This industry leading order depth means you can trade confidently at scale with clearly
understood price impact. You should check them out immediately at bullish.com slash Melker.
The energy FUD has really died down.
And that was the narrative a year ago.
Well, yeah, that was a little.
That's very right.
I want to call it one of the most distasteful things I've ever seen.
Yeah, I agree with that. Well said.
Well said, Dan.
Right. But it does seem to your point, like we've had these sort of cyclical FUD in the history of Bitcoin.
It's price drops and it's China ban, India ban, only for criminals, ESG.
But we are, this is the first time that I've seen us actually addressing them and seeing them disappear.
Maybe they'll cycle back. Now we have sanctions.
Yeah, and I think that's the new one.
As a group of people, maybe the outspoken people or whatever, we're professionally responding to this FUD now in a way that is way better than it ever has been.

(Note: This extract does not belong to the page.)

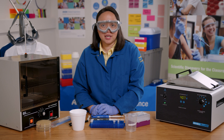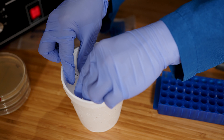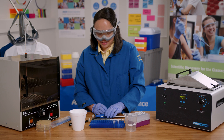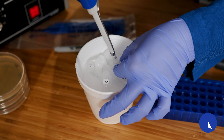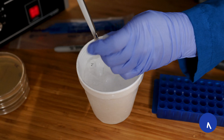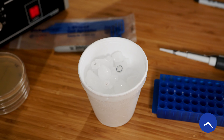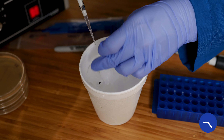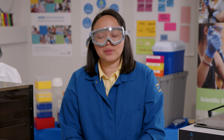Since I want to keep everything as cold as possible, I'm going to keep my tubes on ice while I get 50 microliters of competent cells. In class, your teacher will have the competent cells and will aliquot them directly into your chilled tubes.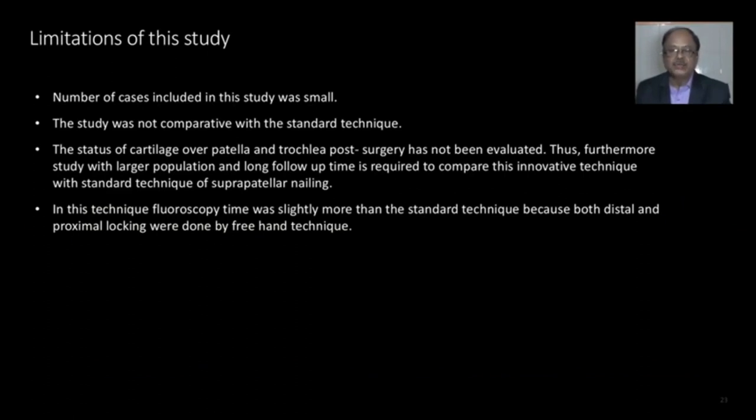Limitations of this study: the number of patients included was small. The study was not comparative with a standard technique. The status of the patellar cartilage and trochlea post-surgery had not been evaluated. Thus, further study with a larger population and longer follow-up time is required to compare this innovative technique with the standard technique of suprapatellar nailing. Fluoroscopy time was slightly more than the standard technique because both distal and proximal locking were done by freehand technique.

Because I think the toxicity of people on Bitcoin Twitter or just in general has been really the loudest voice.
But now we have very professional voices because of the Wall Street influence, because of the, I would say, the non-Bitcoin people, like saying, listen,
no, I'm sorry, you're wrong.
You can't say that.
That's not true.
Kathy's publishing an entire like PDF, 100 page PDF or whatever.
Yeah.
And it is like, it's a lot of work, right?
But eventually what happens is the truth wins and that's why we're going to win.
That's all it comes down to.
Great.
Well said.
Yeah.
Well, go ahead.
Well, I was going to say also in the mining space too, a lot of people are coming into the mining space with private equity, professional backgrounds,
they're publicly listing these companies, and they're top-notch people that are coming
in and helping to run some of these companies.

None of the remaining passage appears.